• ASSIGNED TASK: Lines before the one containing "this 748×400 image." are left out; output the rest of the data exactly, through the final line.
----
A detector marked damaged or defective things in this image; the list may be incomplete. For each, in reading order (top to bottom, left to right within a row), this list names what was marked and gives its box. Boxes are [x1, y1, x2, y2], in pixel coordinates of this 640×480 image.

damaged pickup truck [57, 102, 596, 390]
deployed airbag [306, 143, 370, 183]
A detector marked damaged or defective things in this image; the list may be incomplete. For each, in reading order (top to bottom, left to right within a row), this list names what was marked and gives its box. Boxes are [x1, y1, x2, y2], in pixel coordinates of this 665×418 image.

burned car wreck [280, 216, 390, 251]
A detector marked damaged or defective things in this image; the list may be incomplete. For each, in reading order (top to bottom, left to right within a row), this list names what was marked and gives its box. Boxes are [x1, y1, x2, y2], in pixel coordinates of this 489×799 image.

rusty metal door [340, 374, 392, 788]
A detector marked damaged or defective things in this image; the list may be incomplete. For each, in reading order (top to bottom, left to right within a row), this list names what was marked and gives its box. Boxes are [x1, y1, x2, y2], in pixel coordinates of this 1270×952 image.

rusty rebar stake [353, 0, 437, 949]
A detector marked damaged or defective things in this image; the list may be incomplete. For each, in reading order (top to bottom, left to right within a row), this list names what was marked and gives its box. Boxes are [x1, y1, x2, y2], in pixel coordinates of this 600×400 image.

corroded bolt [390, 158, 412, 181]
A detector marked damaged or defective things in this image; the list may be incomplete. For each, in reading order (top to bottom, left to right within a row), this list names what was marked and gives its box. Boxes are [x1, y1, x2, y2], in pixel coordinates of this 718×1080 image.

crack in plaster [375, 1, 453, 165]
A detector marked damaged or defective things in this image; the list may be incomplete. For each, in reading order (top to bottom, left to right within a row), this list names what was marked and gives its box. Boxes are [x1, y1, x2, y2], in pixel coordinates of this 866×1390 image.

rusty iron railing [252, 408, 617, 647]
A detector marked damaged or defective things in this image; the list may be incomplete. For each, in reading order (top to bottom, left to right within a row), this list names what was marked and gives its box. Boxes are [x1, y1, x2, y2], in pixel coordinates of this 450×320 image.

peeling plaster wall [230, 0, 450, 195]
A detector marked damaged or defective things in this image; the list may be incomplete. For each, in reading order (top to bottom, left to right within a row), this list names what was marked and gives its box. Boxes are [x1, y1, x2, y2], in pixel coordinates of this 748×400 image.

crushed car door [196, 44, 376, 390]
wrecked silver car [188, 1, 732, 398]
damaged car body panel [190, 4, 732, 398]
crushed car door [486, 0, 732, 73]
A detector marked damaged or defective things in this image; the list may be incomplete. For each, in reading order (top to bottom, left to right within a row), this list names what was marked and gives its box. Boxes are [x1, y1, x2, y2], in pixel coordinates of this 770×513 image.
----
• THE COMPLETED TASK:
A detector marked damaged or defective things in this image; the list may be incomplete. For each, in reading order (top to bottom, left to right within a row), this list names what was marked and gives its box. Boxes are [x1, y1, x2, y2], in pixel coordinates of this 748×400 image.

crushed car door [196, 44, 376, 390]
wrecked silver car [188, 1, 732, 398]
damaged car body panel [190, 4, 732, 398]
crushed car door [486, 0, 732, 73]
A detector marked damaged or defective things in this image; the list may be incomplete. For each, in reading order (top to bottom, left to right within a row), this list names what was marked and gives its box. Boxes are [x1, y1, x2, y2], in pixel coordinates of this 770×513 image.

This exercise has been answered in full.